То, что я отвергаю непонятную троицу и не имеющую никакого смысла в наше время басню о падении первого человека , кощунственную историю о Боге, родившемся от девы, искупляющем род человеческий, то это совершенно справедливо. Бога же — духа, бога — любовь, единого бога — начало всего, не только не отвергаю, но ничего не признаю действительно существующим, кроме Бога, и весь смысл жизни вижу только в исполнении воли Бога, выраженной в христианском учении.
Ещё сказано: «не признает загробной жизни и мздовоздаяния» .
Если разуметь жизнь загробную в смысле Второго пришествия, ада с вечными мучениями, дьяволами, и рая — постоянного блаженства, то совершенно справедливо, что я не признаю такой загробной жизни; но жизнь вечную и возмездие здесь и везде, теперь и всегда, признаю до такой степени, что, стоя по своим годам на краю гроба, часто должен делать усилия, чтобы не желать плотской смерти, то есть рождения новой жизни, верю, что всякий добрый поступок увеличивает истинное благо моей вечной жизни, а всякий злой поступок уменьшает его.

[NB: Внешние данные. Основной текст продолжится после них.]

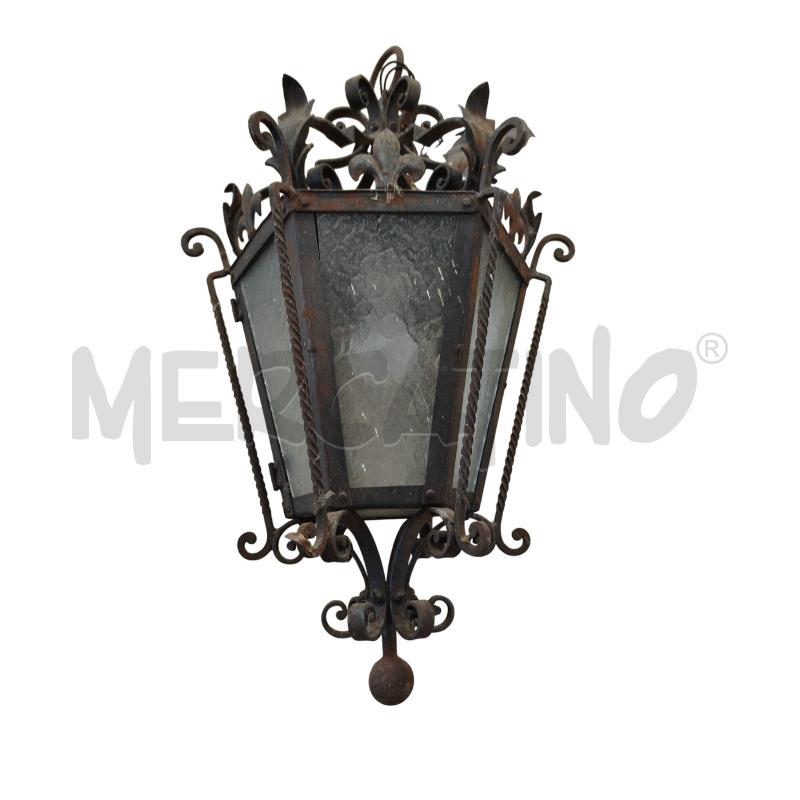 LAMPADARIO  D'EPOCA FERRO BATTUTO VETRI | Mercatino dell'Usato Chieri 2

Сказано также, что я отвергаю все таинства. Это совершенно справедливо.
Все таинства я считаю низменным, грубым, несоответствующим понятию о Боге и христианскому учению колдовством и, кроме того, нарушением самых прямых указаний Евангелия.
В крещении младенцев вижу явное извращение всего того смысла, который могло иметь крещение для взрослых, сознательно принимающих христианство; в совершении таинства брака над людьми, заведомо соединявшимися прежде, и в допущении разводов и в освящении браков разведенных вижу прямое нарушение и смысла, и буквы Евангельского учения. В периодическом прощении грехов на исповеди вижу вредный обман, только поощряющий безнравственность и уничтожающий опасение перед согрешением.

В елеосвящении так же, как и в миропомазании, вижу приемы грубого колдовства, как и в почитании икон и мощей, как и во всех тех обрядах, молитвах, заклинаниях, которыми наполнен требник.
В причащении вижу обоготворение плоти и извращение христианского учения. В священстве, кроме явного приготовления к обману, вижу прямое нарушение слов Христа, — прямо запрещающего кого бы то ни было называть учителями, отцами, наставниками (Мф. XXIII, 8-10).

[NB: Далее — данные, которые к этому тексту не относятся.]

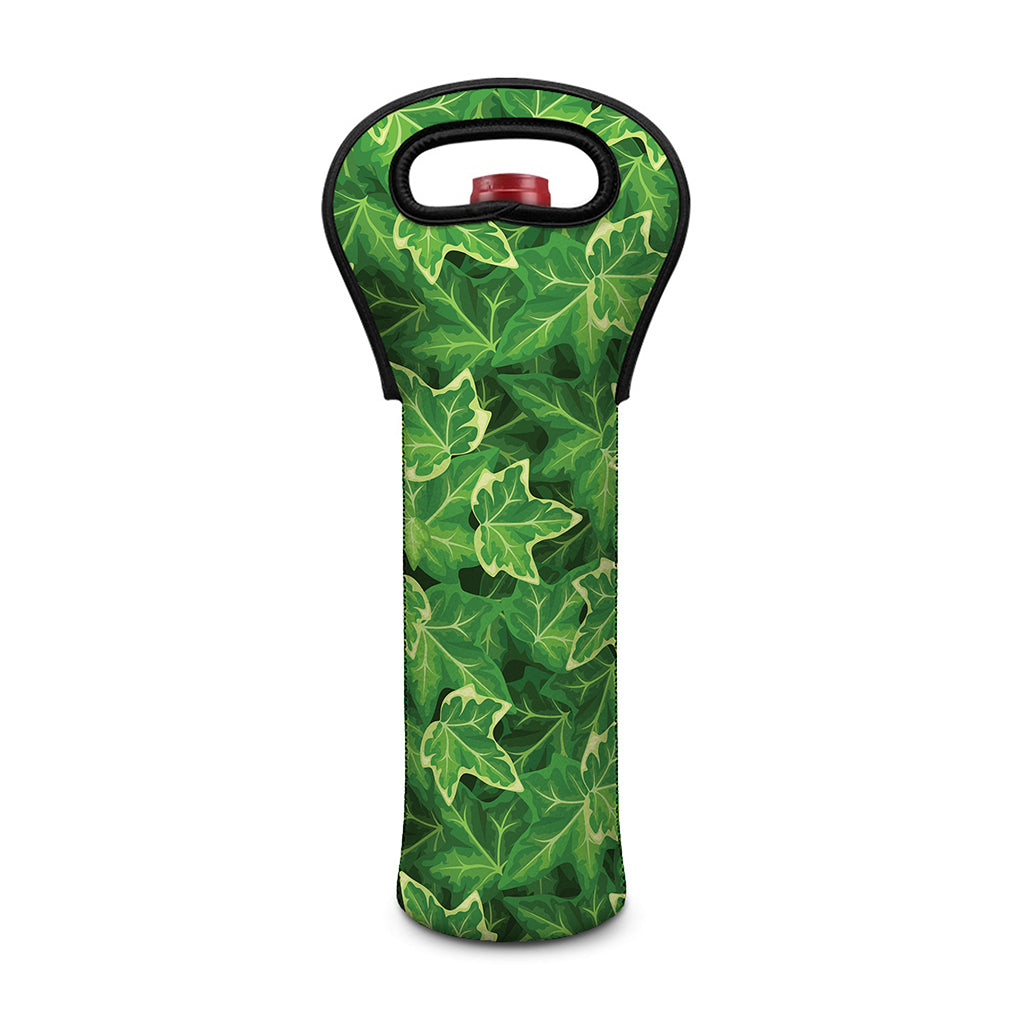 Green Ivy Leaf Pattern Print Single Neoprene Wine Tote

Сказано, наконец, как последняя и высшая степень моей виновности, что я, «ругаясь над самыми священными предметами веры, не содрогнулся подвергнуть глумлению священнейшее из таинств — евхаристию» . То, что я не содрогнулся описать просто и объективно то, что священник делает для приготовлений этого, так называемого, таинства, то это совершенно справедливо; но то, что это, так называемое, таинство есть нечто священное и что описать его просто, как оно делается, есть кощунство, — это совершенно несправедливо.
Кощунство не в том, чтобы назвать перегородку — перегородкой, а не иконостасом, и чашку — чашкой, а не потиром и т. п., а ужаснейшее, не перестающее, возмутительное кощунство — в том, что люди, пользуясь всеми возможными средствами обмана и гипнотизации, — уверяют детей и простодушный народ, что если нарезать известным способом и при произнесении известных слов кусочки хлеба и положить их в вино, то в кусочки эти входит Бог; и что тот, во имя кого живого вынется кусочек, тот будет здоров; во имя же кого умершего вынется такой кусочек, то тому на том свете будет лучше; и что тот, кто съест этот кусочек, в того войдёт сам Бог.

Ведь это ужасно!

Как бы кто ни понимал личность Христа, то учение его, которое уничтожает зло мира и так просто, легко, несомненно даёт благо людям, если только они не будут извращать его, это учение все скрыто, все переделано в грубое колдовство купанья, мазания маслом, телодвижений, заклинаний, проглатывания кусочков и т. п., так что от учения ничего не остается. И если когда какой человек попытается напомнить людям то, что не в этих волхвованиях, не в молебнах, обеднях, свечах, иконах учение Христа, а в том, чтобы люди любили друг друга, не платили злом за зло, не судили, не убивали друг друга, то поднимется стон негодования тех, которым выгодны эти обманы, и люди эти во всеуслышание, с непостижимой дерзостью говорят в церквах, печатают в книгах, газетах, катехизисах, что Христос никогда не запрещал клятву (присягу), никогда не запрещал убийство (казни, войны), что учение о непротивлении злу с сатанинской хитростью выдумано врагами Христа (Речь Амвросия, епископа харьковского).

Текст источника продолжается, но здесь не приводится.